IFB is my acronym for The Institute for the Future of the Book. If that sounds like an academic title to you, give yourself ten points and a big salty pretzel.
My personal experience with academic interest in newly-emerging media is that it’s just that: academic. I’m always interested in the research and the sifting and the critical analysis, and I’m always thankful that someone is documenting everything and poking around in the less-commercial corners. I’m also usually left wanting for something concrete.
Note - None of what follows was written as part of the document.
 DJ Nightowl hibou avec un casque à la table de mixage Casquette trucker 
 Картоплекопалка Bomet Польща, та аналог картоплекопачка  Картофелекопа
But that, as the academics might say, is my bias. And I’m open to that criticism. Which is why I’m pointing to the IFB despite their mushy mission statement:
The printed page is giving way to the networked screen. The Institute for the Future of the Book seeks to chronicle this shift, and impact its development in a positive direction. The Institute is a project of the Annenberg Center for Communication at the University of Southern California, and is based in Brooklyn, New York.
Is it just me, or is that last sentence not really part of the mission? And what exactly is a ‘positive direction’? Twenty tenure-track book-as-new-media positions nation-wide in the next five years? Fifty?
But enough frivolity. Academic sites are usually excellent at one thing, and that’s screening out parasites and marketing weasels. While prone to guru love in their own way, academics tend to draw the line at fee-based solutions fueled by motivational blather.
The IFB site has a number of links on the home page, including a two-hopper from here to this interesting (academic) treatise on transmedia storytelling. The intervening hop is a post on the IFB blog, which is relatively current and seems to have a good signal to noise ratio.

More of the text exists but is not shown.